Het is noodzakelijk om Verordening (EU) nr. 1024/2013 aan te vullen aangaande de benoemingsprocedure van de vier ECB-vertegenwoordigers in de Raad van toezicht, de voorwaarden en procedure voor hun ontzetting en de voorwaarden die van toepassing zijn op de voor die posities benoemde personen,

HEEFT HET VOLGENDE BESLUIT VASTGESTELD:

Artikel 1

Benoeming van ECB-vertegenwoordigers in de Raad van toezicht

1.   De vier ECB-vertegenwoordigers in de Raad van toezicht worden benoemd uit personen met erkende kwalificatie en ervaring in het bankwezen en financiële aangelegenheden.

2.   Zij worden voor vijf jaar benoemd, welke termijn niet verlengbaar is. In afwijking van deze regel worden de eerste vier ECB-vertegenwoordigers voor een termijn van tussen de drie en vijf jaar vanaf de initiële benoeming benoemd.

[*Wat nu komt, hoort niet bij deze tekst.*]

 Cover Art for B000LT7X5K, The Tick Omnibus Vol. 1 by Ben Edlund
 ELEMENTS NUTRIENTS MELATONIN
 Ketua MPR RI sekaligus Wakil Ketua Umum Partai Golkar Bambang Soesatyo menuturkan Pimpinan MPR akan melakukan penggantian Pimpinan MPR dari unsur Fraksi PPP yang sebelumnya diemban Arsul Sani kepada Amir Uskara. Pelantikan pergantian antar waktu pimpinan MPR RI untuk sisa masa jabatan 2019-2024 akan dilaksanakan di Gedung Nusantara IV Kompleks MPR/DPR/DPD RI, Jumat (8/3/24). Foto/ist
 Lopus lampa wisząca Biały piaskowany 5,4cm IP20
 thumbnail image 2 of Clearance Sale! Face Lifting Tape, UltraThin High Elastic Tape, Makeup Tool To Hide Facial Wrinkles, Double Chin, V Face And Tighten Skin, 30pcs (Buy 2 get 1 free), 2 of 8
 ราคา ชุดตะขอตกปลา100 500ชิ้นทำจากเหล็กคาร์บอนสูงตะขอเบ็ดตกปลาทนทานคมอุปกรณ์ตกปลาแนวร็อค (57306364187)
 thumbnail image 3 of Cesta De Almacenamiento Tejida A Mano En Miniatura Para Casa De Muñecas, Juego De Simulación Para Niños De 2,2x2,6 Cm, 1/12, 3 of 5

3.   De arbeidsvoorwaarden van de vier ECB-vertegenwoordigers, met name hun salaris, pensioen en andere sociale voorzieningen worden vastgelegd in een contract met de ECB, en worden door de Raad van bestuur vastgesteld op voorstel van de directie.

4.   De ECB-vertegenwoordigers vervullen hun taken hetzij voltijds of deeltijds, zulks overeenkomstig de voorwaarden van hun contracten met de ECB. Zij oefenen geen beroepswerkzaamheid uit, al dan niet betaald, tenzij de Raad van bestuur zulks toestaat. Er kan geen toestemming worden verleend voor activiteiten die aanleiding kunnen zijn voor een belangenconflict, dan wel zo opgevat kunnen worden, met hun posities als leden van de Raad van toezicht. Met name voeren zij geen taken uit voor een nationale bevoegde autoriteit zoals bedoeld in artikel 2 van Verordening (EU) nr. 1024/2013.

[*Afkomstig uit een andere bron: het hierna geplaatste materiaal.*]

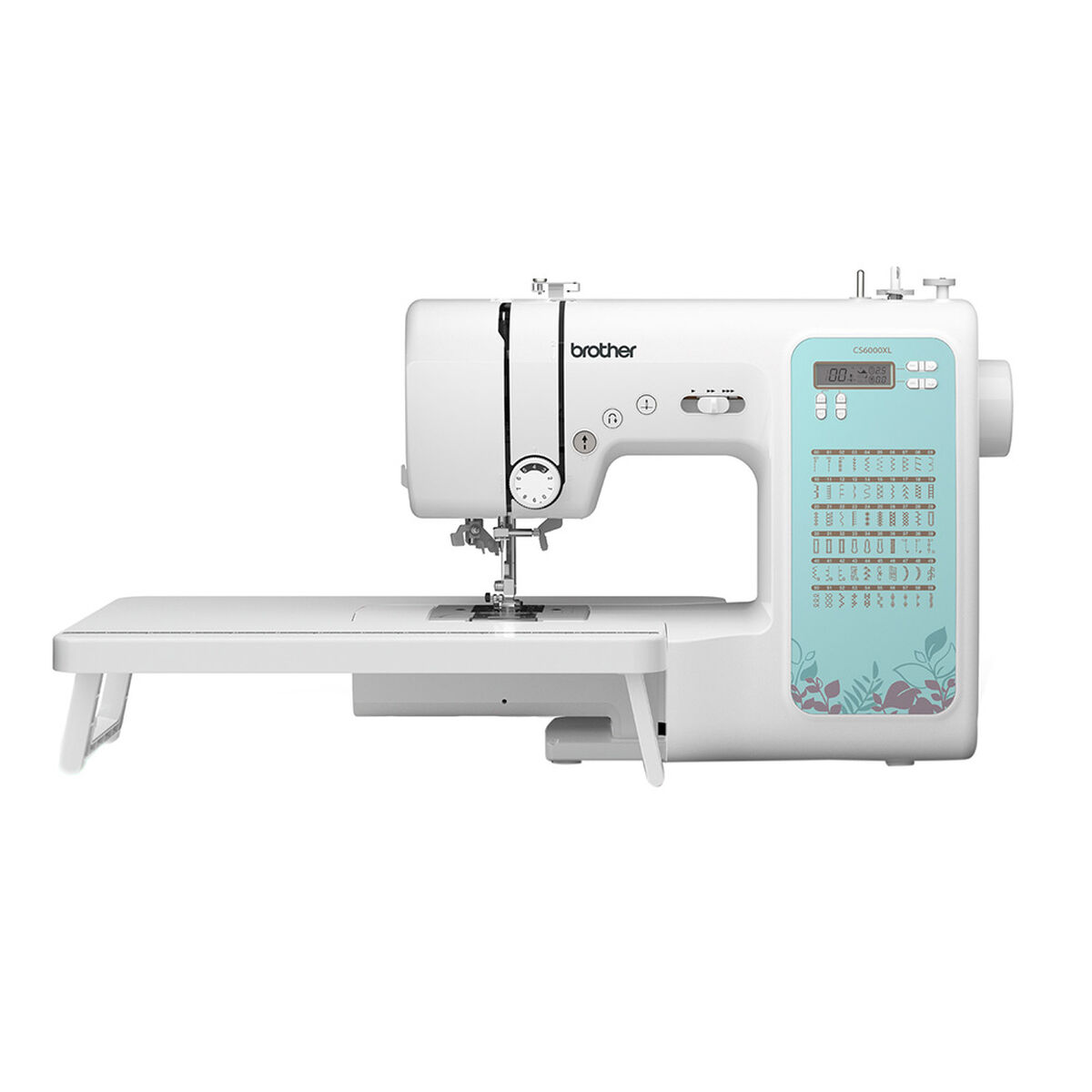 Maquina De Coser Cs6000xlcl Computarizada
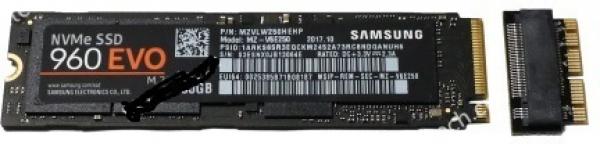 MicroStorage NGFF M.2 PCIe to MacBook 12+16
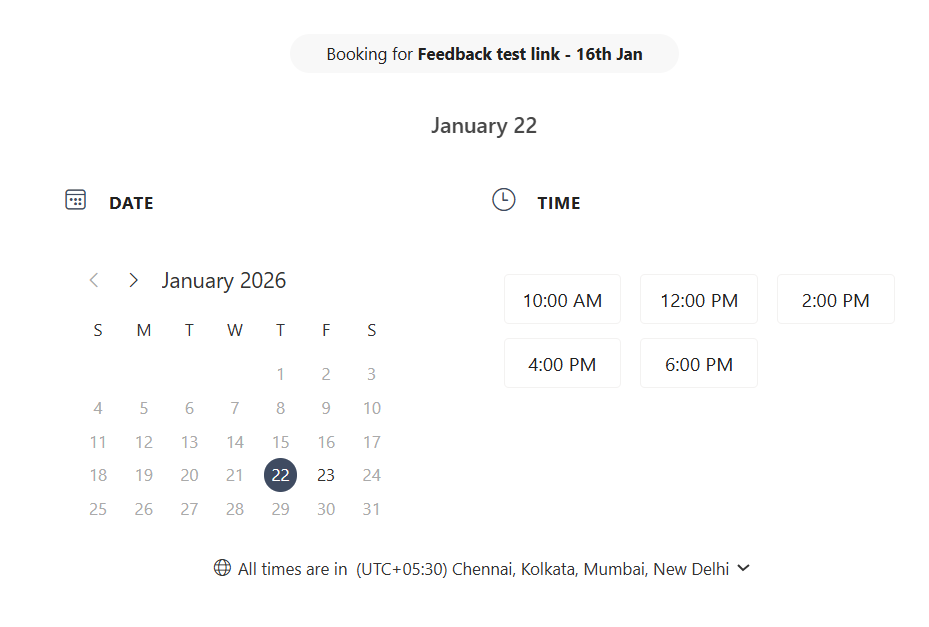 Issue with Booking Time Slots in Microsoft Bookings - Microsoft Q&A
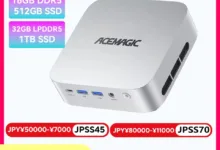 【¥55,585】ACEMAGIC ミニPC AMD Ryzen 7 6800H LPDDR5 32GB SSD 1TB-アリエク特価アラート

5.   Indien een ECB-vertegenwoordiger in de Raad van toezicht niet langer voldoet aan de eisen voor de uitoefening van zijn of haar ambt, of op ernstige wijze is tekortgeschoten, kan de Raad van bestuur op verzoek van de directie, en na hem/haar gehoord te hebben, besluiten hem/haar uit het ambt te ontzetten.

6.   Enige vacature voor de positie van een ECB-vertegenwoordiger voor de Raad van toezicht wordt vervuld door de benoeming van een nieuwe vertegenwoordiger overeenkomstig dit besluit.

Artikel 2

Inwerkingtreding

Dit besluit treedt in werking op 6 februari 2014.

Gedaan te Frankfurt am Main, 6 februari 2014.

De president van de ECB

Mario DRAGHI


(1)  PB L 287 van 29.10.2013, blz. 63.

(2)  PB L 80 van 18.3.2004, blz. 33.